* Work to be completed: Transcribe the lines from the start of the data below through the line with "Set_of_6_Pairs_Gold-Toned_Stud_&_Hoop_Fashion_Earrings", word for word and nothing more.

+---+

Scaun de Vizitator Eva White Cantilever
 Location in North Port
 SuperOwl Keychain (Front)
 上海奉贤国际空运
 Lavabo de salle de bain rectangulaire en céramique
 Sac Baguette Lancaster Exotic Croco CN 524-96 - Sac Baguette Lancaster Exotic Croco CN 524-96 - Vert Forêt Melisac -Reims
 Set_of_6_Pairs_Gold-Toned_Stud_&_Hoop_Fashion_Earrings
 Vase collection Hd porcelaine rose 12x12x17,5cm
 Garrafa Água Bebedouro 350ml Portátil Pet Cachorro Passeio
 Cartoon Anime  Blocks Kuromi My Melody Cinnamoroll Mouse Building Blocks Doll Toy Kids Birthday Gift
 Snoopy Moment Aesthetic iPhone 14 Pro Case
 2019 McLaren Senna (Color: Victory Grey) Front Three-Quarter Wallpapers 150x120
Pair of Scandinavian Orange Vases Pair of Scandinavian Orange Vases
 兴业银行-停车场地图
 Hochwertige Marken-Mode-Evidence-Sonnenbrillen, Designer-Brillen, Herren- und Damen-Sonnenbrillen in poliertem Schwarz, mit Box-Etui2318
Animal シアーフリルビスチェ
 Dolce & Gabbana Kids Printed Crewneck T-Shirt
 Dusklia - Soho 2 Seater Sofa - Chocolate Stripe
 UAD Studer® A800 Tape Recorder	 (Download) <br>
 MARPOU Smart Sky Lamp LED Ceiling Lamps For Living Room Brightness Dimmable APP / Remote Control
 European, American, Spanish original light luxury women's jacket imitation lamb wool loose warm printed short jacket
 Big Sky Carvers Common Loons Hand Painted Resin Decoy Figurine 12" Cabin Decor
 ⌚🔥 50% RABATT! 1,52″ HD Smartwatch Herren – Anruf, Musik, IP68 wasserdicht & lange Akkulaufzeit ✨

+---+

* Result of this exercise:
Scaun de Vizitator Eva White Cantilever
 Location in North Port
 SuperOwl Keychain (Front)
 上海奉贤国际空运
 Lavabo de salle de bain rectangulaire en céramique
 Sac Baguette Lancaster Exotic Croco CN 524-96 - Sac Baguette Lancaster Exotic Croco CN 524-96 - Vert Forêt Melisac -Reims
 Set_of_6_Pairs_Gold-Toned_Stud_&_Hoop_Fashion_Earrings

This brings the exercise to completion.